_ABOUT THIS EXERCISE:_
Would you transcribe the line that holds "A baking sheet" and all the lines below it, through the final one, exactly and with nothing else?
EXERCISE MATERIALS START
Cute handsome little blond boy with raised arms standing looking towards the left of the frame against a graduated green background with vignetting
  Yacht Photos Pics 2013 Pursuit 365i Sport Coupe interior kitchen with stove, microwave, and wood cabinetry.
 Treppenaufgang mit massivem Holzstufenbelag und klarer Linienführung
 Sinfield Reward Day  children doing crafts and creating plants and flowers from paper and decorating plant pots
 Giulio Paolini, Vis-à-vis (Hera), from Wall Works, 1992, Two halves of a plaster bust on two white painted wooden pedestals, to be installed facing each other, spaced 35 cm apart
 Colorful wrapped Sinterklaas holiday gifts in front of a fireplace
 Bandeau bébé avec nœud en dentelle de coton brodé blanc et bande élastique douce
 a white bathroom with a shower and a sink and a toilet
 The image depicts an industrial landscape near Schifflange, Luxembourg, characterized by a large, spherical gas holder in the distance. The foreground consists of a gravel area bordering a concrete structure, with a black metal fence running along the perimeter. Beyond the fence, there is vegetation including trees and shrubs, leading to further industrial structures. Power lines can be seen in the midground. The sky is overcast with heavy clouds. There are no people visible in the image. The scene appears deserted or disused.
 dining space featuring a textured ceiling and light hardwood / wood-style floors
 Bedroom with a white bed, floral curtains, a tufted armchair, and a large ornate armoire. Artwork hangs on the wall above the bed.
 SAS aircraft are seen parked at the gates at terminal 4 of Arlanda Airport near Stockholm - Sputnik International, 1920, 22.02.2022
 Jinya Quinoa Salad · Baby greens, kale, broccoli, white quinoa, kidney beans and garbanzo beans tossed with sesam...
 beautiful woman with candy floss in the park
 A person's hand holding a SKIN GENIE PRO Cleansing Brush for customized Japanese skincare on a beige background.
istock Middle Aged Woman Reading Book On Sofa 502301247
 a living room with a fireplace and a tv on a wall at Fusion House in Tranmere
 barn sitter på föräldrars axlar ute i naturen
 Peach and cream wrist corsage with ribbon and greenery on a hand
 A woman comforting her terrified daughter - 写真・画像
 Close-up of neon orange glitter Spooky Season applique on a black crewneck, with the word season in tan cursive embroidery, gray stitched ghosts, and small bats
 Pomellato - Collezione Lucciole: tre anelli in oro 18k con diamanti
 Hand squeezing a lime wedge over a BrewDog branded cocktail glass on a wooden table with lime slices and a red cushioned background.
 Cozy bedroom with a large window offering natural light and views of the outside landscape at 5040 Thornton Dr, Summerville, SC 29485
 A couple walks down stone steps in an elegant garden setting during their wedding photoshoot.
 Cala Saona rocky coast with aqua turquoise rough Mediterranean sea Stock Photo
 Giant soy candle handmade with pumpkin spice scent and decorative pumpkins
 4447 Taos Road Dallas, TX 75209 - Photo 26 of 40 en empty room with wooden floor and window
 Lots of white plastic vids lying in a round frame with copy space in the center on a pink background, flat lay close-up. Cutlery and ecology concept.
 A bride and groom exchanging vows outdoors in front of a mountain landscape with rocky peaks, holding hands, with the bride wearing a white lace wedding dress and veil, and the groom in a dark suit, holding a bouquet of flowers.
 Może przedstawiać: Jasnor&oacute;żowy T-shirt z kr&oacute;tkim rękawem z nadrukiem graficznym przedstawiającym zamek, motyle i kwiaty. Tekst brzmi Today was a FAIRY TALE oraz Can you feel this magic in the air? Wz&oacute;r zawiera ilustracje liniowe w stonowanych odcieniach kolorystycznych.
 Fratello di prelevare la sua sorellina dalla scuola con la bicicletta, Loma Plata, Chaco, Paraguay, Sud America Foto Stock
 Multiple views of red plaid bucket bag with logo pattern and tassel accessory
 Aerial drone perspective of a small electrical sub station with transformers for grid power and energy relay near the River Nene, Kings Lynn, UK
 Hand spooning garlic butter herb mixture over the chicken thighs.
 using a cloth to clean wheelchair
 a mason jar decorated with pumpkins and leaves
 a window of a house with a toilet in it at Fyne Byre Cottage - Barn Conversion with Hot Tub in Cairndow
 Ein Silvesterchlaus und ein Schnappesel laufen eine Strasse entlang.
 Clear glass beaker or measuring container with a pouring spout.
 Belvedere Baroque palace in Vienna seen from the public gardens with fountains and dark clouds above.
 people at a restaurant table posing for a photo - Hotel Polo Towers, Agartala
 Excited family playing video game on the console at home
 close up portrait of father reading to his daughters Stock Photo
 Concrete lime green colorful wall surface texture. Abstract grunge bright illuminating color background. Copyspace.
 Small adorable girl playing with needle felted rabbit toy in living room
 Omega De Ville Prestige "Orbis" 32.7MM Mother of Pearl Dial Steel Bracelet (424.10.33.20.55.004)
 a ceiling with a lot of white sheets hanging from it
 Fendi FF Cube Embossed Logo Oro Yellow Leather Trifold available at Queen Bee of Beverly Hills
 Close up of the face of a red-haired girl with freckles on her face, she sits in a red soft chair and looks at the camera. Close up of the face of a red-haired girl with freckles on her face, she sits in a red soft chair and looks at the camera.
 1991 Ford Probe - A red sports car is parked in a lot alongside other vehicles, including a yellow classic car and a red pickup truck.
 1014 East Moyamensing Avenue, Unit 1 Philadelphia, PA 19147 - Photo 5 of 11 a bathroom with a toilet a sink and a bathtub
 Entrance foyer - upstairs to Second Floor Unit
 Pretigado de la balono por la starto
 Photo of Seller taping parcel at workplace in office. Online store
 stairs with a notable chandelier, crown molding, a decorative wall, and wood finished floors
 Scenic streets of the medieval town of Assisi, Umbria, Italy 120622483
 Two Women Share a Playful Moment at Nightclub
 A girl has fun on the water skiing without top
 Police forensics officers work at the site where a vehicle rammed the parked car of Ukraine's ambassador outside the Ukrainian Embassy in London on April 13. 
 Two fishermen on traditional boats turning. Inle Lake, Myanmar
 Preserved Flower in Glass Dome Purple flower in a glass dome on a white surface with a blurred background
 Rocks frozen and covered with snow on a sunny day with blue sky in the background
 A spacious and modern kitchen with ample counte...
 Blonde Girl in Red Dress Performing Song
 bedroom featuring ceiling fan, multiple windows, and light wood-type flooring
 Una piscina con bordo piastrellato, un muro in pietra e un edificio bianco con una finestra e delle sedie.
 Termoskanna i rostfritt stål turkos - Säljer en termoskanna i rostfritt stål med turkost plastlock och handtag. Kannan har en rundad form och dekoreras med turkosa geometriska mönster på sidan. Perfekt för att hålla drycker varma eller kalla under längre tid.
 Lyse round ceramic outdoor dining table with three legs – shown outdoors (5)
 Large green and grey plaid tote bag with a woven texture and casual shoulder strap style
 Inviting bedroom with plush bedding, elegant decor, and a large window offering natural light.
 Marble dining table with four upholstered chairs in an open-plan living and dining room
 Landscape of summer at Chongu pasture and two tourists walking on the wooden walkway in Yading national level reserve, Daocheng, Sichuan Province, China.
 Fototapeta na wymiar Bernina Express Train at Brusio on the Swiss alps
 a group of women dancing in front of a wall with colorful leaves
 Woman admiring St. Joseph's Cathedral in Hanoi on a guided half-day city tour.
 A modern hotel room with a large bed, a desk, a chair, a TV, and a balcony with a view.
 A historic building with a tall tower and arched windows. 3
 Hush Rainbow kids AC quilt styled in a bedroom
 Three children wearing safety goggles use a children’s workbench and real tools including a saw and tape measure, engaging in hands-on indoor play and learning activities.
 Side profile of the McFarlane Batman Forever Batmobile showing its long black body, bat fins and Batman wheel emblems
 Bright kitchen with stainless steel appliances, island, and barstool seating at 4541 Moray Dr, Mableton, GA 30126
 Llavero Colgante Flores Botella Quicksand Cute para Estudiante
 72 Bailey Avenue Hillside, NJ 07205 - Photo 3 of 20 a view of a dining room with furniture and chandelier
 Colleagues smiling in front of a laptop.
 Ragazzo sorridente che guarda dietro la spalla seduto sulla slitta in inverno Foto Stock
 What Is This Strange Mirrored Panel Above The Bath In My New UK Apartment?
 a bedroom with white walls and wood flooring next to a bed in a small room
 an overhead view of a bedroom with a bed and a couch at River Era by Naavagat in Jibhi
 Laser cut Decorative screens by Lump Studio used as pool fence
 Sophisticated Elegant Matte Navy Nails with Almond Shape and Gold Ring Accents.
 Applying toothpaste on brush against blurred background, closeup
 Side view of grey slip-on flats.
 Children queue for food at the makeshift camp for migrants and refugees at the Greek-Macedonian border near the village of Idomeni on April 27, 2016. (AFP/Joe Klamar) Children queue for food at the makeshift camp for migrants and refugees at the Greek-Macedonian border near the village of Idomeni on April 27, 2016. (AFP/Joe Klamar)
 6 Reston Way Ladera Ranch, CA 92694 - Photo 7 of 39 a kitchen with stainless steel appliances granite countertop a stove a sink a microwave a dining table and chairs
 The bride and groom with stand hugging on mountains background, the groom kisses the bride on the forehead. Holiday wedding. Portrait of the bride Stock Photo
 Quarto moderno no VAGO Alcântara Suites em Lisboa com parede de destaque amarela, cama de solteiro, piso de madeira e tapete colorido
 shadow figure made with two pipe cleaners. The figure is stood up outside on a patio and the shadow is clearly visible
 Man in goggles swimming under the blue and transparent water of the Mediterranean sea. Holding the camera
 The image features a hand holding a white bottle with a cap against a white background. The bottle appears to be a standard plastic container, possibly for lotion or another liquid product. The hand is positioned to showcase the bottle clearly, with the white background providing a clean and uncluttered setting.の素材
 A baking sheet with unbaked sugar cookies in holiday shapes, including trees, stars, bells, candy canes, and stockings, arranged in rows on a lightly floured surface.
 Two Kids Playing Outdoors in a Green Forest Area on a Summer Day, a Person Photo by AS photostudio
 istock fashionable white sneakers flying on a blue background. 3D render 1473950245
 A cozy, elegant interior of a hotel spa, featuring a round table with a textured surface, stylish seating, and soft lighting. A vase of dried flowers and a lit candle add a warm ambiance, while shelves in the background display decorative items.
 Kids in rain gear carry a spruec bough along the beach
EXERCISE MATERIALS END
_TASK OUTPUT:_
 A baking sheet with unbaked sugar cookies in holiday shapes, including trees, stars, bells, candy canes, and stockings, arranged in rows on a lightly floured surface.
 Two Kids Playing Outdoors in a Green Forest Area on a Summer Day, a Person Photo by AS photostudio
 istock fashionable white sneakers flying on a blue background. 3D render 1473950245
 A cozy, elegant interior of a hotel spa, featuring a round table with a textured surface, stylish seating, and soft lighting. A vase of dried flowers and a lit candle add a warm ambiance, while shelves in the background display decorative items.
 Kids in rain gear carry a spruec bough along the beach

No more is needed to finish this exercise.